The next few weeks were a blur. We saw more of each other. She called the radio station several times a night. I gave her my home number. I know; I know. I hadn’t just broken my rule; I’d shattered it and ground the pieces into a fine powder. I didn’t care. As Kenny Chesney would say, she Had Me from Hello.
She moved to Phoenix right after Christmas. The song requests stopped but the phone calls didn’t. She knew I had some vacation days coming. She also knew I had money in the bank. Some of it went to American Airlines. The rest was spent in posh restaurants and on anything else I thought might capture her fancy. I even pulled strings to score some concert tickets and backstage passes. I was trying to sweep her off her feet but she seemed unmoved. I told her I loved her. She thanked me for visiting and drove me back to the airport.

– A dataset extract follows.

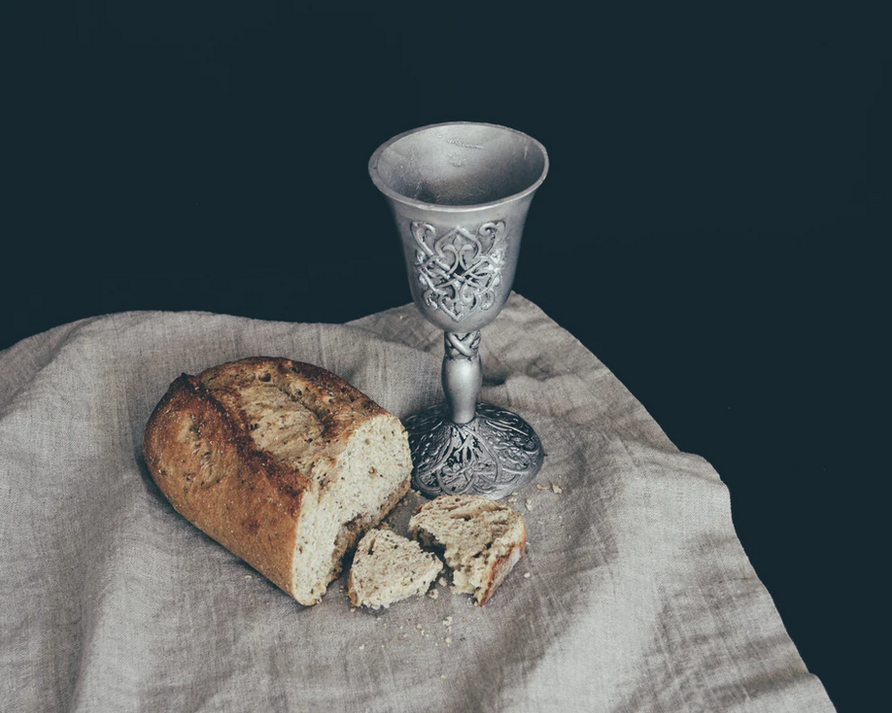Biserica Ortodoxă Română: Potirul şi linguriţa comună de împărtăşire se vor dezinfecta după fiecare folosire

Eventually, she moved back to North Carolina. I’d advanced several steps up the corporate ladder by then. I had the mid-day air shift. I was also the music director and in charge of promotions. I’d come to enjoy my job and I don’t mind telling you I was good at it. I’d actually become something of a celebrity, adored by men and women alike. It sounds kind of weird but I’m dead serious. Was that what finally did it? Was she afraid that, because I was “in demand,” she might actually lose me? I don’t think that was it but the switch finally did flip. She realized her infatuation matched my own. This revelation was delivered as yet another song request, this time in the form of a dedication, to me. The song she chose was Your Love Amazes Me by John Berry. The chorus begins “don’t you ever doubt this love of mine,” and I haven’t.
My wife and I are two months shy of our sixteenth wedding anniversary. They’ve been the best sixteen years of my life. Today is my wife’s birthday. I’d usually write her a love letter. I decided to do it a little different this time. This blog post is my gift to the woman who turned my world upside-down and has given me more happiness, more love and more fulfillment than I ever dreamed possible. Thank you, Dear. I love you, now, then and forever. Happy Birthday!
One final note: although love at first sight can sometimes be a one way street, my lovely wife was never as cold or callous as I tried to make her sound. We had a wonderful friendship that blossomed into a life-long love. I just blossomed a little quicker.